I would like to build a CPO for the mlr::makeClassificationViaRegression
wrapper. The wrapper builds regression models that predict for the positive class whether a particular example belongs to it (1) or not (-1). It also calculates predicted probabilities using a softmax.
After reading the documentation and vignettes for makeCPOTargetOp
, my attempt is as follows:
cpoClassifViaRegr = makeCPOTargetOp(
cpo.name = 'ClassifViaRegr',
dataformat = 'task', #Not sure - will this work if input is df with unknown target values?
# properties.data = c('numerics', 'factors', 'ordered', 'missings'), #Is this needed?
properties.adding = 'twoclass', #See https://mlrcpo.mlr-org.com/articles/a_4_custom_CPOs.html#task-type-and-conversion
properties.needed = character(0),
properties.target = c('classif', 'twoclass'),
task.type.out = 'regr',
predict.type.map = c(response = 'response', prob = 'response'),
constant.invert = TRUE,
cpo.train = function(data, target) {
getTaskDesc(data)
},
cpo.retrafo = function(data, target, control) {
cat(class(target))
td = getTaskData(target, target.extra = T)

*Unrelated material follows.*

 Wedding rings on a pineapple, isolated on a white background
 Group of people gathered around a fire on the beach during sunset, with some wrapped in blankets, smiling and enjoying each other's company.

target.name = paste0(control$positive, ".prob")
data = td$data
data[[target.name]] = ifelse(td$target == pos, 1, -1)
makeRegrTask(id = paste0(getTaskId(target), control$positive, '.'),
data = data,
target = target.name,
weights = target$weights,
blocking = target$blocking)
},
cpo.train.invert = NULL, #Since constant.invert = T
cpo.invert = function(target, control.invert, predict.type) {
if(predict.type == 'response') {
factor(ifelse(target > 0, control.invert$positive, control.invert$positive))
} else {
levs = c(control.invert$positive, control.invert$negative)
propVectorToMatrix(vnapply(target, function(x) exp(x) / sum(exp(x))), levs)
}
})
It seems to work as expected, the demo below shows that the inverted prediction is identical to the prediction obtained using the makeClassificationViaRegr
wrapper:
lrn = makeLearner("regr.lm")
# Wrapper -----------------------------------------------------------------
lrn2 = makeClassificationViaRegressionWrapper(lrn)
model = train(lrn2, sonar.task, subset = 1:140)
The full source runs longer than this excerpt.